«И в смиренную строчку неожиданность запечатлеть…»

…Его стихи «звучали / Как шум дождя <…> / Как снегопад <…> / Как разговор не для чужих ушей». Но, по словам поэта Владимира Корнилова, это «тихая» поэзия с далёкой слышимостью.

…Владимир Соколов родился 18 апреля 1928 года в городе Лихославле Тверской губернии в семье инженера-строителя и учительницы. Вместе с отцом семья часто переезжала с одной стройки на другую.
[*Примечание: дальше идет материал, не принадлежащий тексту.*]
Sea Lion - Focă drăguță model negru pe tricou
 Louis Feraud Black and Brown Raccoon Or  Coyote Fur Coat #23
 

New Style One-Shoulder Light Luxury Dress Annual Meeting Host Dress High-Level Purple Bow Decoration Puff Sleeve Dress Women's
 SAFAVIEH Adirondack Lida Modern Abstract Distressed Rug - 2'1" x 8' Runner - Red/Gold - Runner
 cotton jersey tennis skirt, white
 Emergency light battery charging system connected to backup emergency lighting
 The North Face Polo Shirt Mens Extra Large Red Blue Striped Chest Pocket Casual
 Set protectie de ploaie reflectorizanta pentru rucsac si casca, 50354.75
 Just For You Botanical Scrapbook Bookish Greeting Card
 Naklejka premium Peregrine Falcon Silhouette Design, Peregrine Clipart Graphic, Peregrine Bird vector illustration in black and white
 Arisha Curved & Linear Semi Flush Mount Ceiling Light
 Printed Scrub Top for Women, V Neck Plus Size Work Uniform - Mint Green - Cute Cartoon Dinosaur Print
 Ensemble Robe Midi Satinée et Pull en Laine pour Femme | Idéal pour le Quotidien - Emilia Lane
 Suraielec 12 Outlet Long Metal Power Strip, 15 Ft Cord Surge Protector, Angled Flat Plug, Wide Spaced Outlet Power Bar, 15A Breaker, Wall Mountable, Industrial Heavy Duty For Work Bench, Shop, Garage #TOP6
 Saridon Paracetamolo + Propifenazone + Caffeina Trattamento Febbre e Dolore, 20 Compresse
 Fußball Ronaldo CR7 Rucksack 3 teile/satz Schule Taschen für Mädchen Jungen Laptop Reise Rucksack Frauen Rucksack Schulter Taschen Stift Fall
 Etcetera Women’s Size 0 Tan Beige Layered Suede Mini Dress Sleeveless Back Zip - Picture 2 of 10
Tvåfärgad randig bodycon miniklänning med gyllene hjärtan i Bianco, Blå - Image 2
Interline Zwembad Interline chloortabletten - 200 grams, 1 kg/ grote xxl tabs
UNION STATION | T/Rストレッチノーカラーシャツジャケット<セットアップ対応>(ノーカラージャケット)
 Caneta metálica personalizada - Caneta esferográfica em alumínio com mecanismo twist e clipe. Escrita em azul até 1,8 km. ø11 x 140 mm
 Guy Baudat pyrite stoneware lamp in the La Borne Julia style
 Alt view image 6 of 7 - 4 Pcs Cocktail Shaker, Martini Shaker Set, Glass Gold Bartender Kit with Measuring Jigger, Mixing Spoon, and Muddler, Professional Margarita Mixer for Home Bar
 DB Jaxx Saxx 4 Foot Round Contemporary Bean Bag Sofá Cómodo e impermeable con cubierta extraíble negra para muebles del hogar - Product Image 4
«Странным, может быть, образом, но я с детства был уверен в том, что я писатель, а с отрочества — что я поэт», — заметил он в эссе «От автора», предваряющем составленное им избранное в серии «Самые мои стихи» издательства «Слово/Slovo», которое вышло в 1995 году.

Ученический зимний рассвет.
На окне ледяные подтёки.
Я не знал до шестнадцати лет,
Как бывают пленительны строки.

Из постели на прорубь окна
Я гляжу, не спеша из постели.
У меня есть тетрадка одна,
Для которой нет места в портфеле.

Я портфельчик под мышку возьму.
От зимы воротник побелеет.
Я о том не скажу никому,
Что в тетрадке моей лиловеет.

Вот растёт из сугроба метла,
Вот оплывшая наша колонка,
Как задутая свечка, бела
Ото льда, затвердевшего ломко.

Мне отныне спасения нет.
Всё, что пройдено, вижу в обломках.
Ученический зимний рассвет.
Тонет улица в ранних потёмках.

Я пропал!
Но кому объяснишь,
Что она меня вновь отстояла
Этим снегом, свисающим с крыш,
Словно съехавшее одеяло.

В 1947 году поступил в Литературный институт им. А. М. Горького. «Студентами 1-го курса были недавние фронтовики. Поэтому мысль о том, что делал я т о г д а? — ставшая постоянной, привела меня к стихотворению «Памяти товарища», которое оказалось моим поэтическим паспортом и первым моим опубликованным <…> Появилось оно летом 1948 года в «Комсомольской правде» на полосе, посвящённой творчеству поэтов Литинститута.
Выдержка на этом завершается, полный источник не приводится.